Harvey Trueman goes at once to the private office of the President of the Paradise Coal Company.
He brings the strike matter up for consideration at once; and also the case of a widow who is bringing suit against the company for the recovery of damages for the loss of her husband who had been killed in the mines.
“You are to press the defence of this case for damages to a successful termination for the company,” are Mr. Purdy’s last words, supplemented by the remark, “I shall attend to the strike in person.”
Harvey Trueman, attorney.
Harvey Trueman steps from the County Clerk’s office into the corridor, on the second floor of the Court House at Wilkes-Barre, with the absolute knowledge that the case in hand is won.
As he pushes his way down the stairway to the first floor where the courtroom is located, he elbows through a throng of rough dressed miners—Polaks, Magyars, and here and there a man of half-Irish parentage, whose Irish name is all that is left from the Molly Maguire days to indicate the one-time ascendency of that race in the lands of the coal region.

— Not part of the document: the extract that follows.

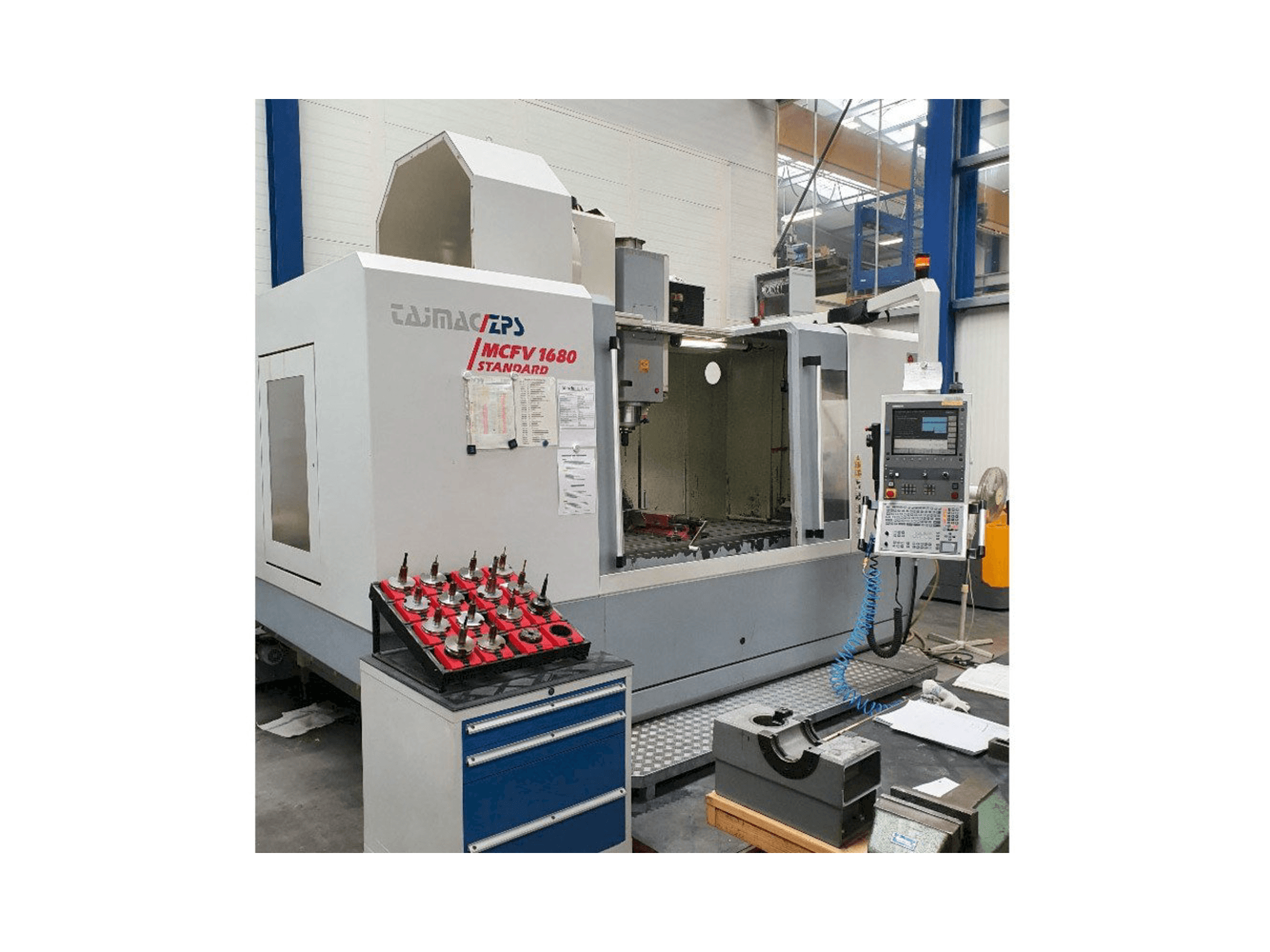 Vista frontal de la máquina ZPS MCFV 1680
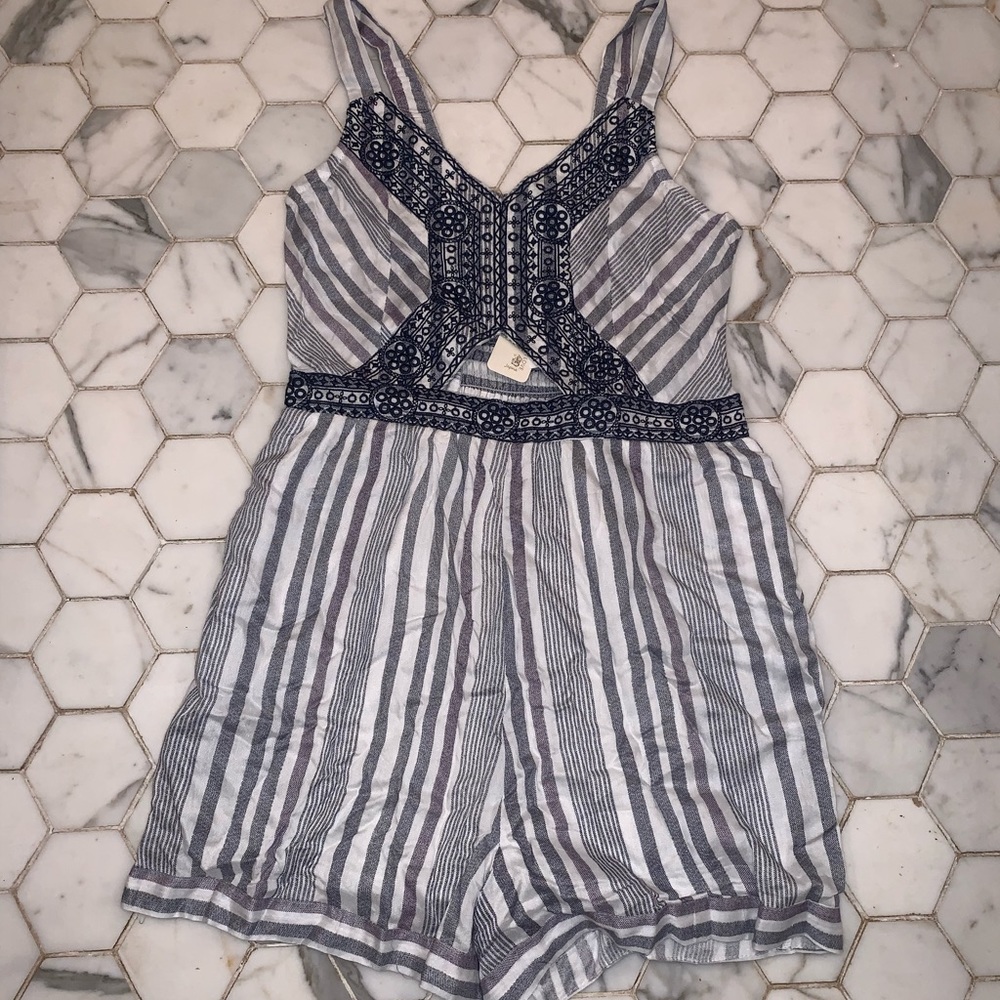 Blue & White Striped Romper W/ Front Keyhole 🔑💙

Certain victory within his grasp—a minor victory in the long line of legal fights he has conducted for the Paradise Coal Company—he does not smile. It is a cruel thing he is about to do. Cruel? He asks himself if the sanctity of the law does not make the contemplated move right. Harvey Trueman has a code of morals, an austere code, that has made him enemies even among the people whose champion he has grown to be in three years’ practice of the law in Luzerne County, Pennsylvania.
He is a tall, slender, square-jawed man of thirty-six. His forehead is high and broad and his hair is worn longer than that of other young men—parted on the side and brushed back. He has thin lips and a mouth of unusual width. His mouth-line is as straight as a bowstring, and when he speaks, which is often, or smiles, which is not so frequent, he shows an even line of large white teeth.
There is something very earnest in the expression of Harvey Trueman’s face—a soberness that is seldom found in men under fifty. A straight, strong nose, large nostrils and clean shaven upper lip that is abnormally long; cheek bones that stand out prominently; gray eyes set rather deep in his head for so young a man; a square chin protruding slightly; and wearing a frock coat that falls to his knees in limp folds, Trueman is a commanding figure, full of character.
He is an inch over six feet in height. Among the miners who look straight into the eye to read character, Harvey Trueman has been pronounced an unflinching tool of the coal barons—one whose unbending will means the ultimate accomplishment of any undertaking.
Not one of the miners employed by the Paradise Coal Company has ever known the young lawyer to take an unfair advantage. But he has upheld the law for the proprietors of the mines when the men have made a fight against the “company stores,” where they are forced to spend the wages made by the sweat of their brows down in the mines or on the breakers.